#### [TASK PROMPT]
Your answer should consist only of the lines below from the one with "Lincoln Memorial Coinage" through the one with "Brazilian Panties Ysabel", copied exactly.

#### [MATERIAL FOR THIS TASK]

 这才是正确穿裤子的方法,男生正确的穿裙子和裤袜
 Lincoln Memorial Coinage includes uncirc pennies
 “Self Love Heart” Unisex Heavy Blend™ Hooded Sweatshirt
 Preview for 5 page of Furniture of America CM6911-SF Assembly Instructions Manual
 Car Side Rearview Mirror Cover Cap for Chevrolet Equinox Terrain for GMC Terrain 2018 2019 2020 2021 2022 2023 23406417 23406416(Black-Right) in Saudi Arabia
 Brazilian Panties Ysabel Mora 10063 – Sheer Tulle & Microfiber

...

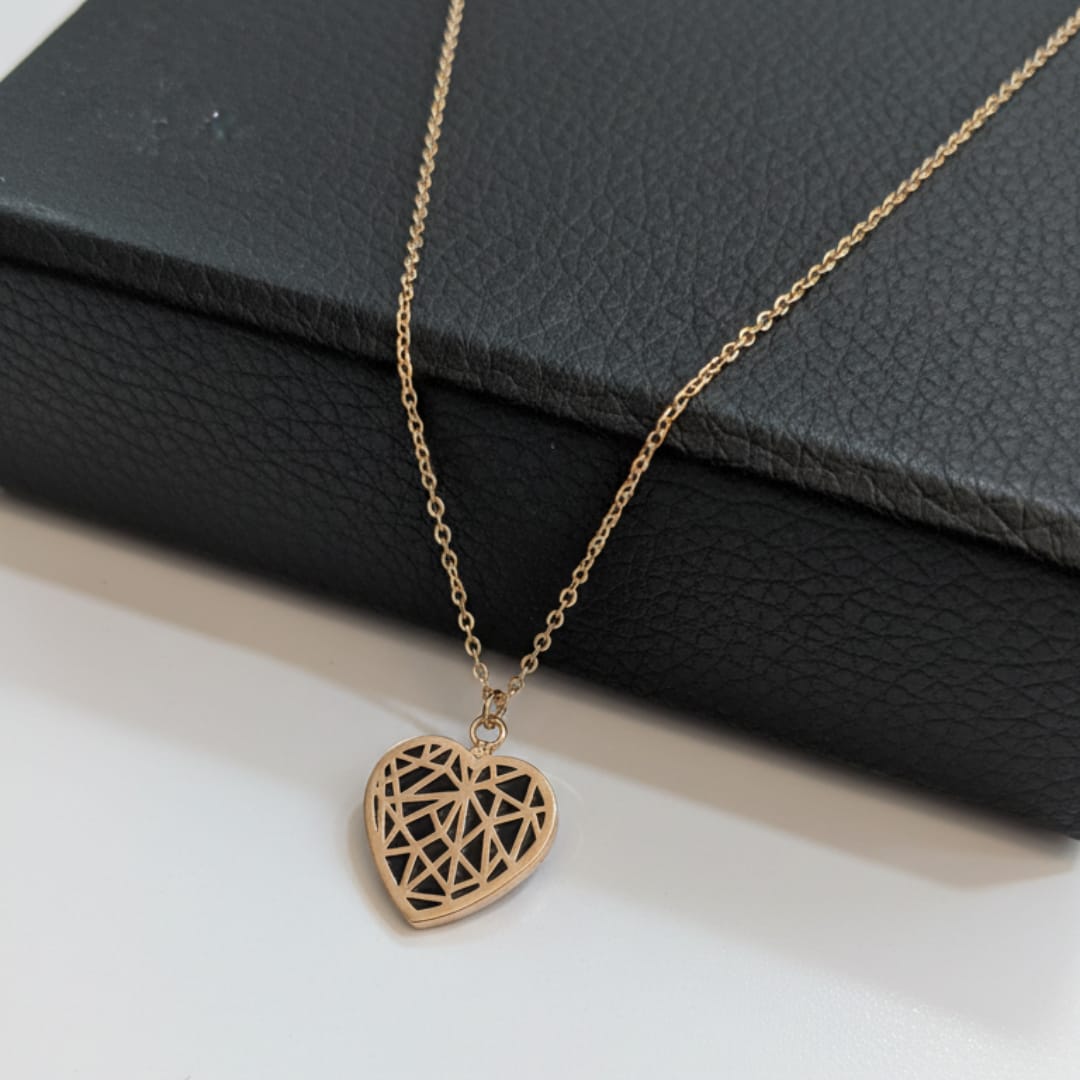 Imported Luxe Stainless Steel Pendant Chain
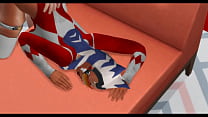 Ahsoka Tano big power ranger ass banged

#### [ANSWER TO THIS TASK]
 Lincoln Memorial Coinage includes uncirc pennies
 “Self Love Heart” Unisex Heavy Blend™ Hooded Sweatshirt
 Preview for 5 page of Furniture of America CM6911-SF Assembly Instructions Manual
 Car Side Rearview Mirror Cover Cap for Chevrolet Equinox Terrain for GMC Terrain 2018 2019 2020 2021 2022 2023 23406417 23406416(Black-Right) in Saudi Arabia
 Brazilian Panties Ysabel Mora 10063 – Sheer Tulle & Microfiber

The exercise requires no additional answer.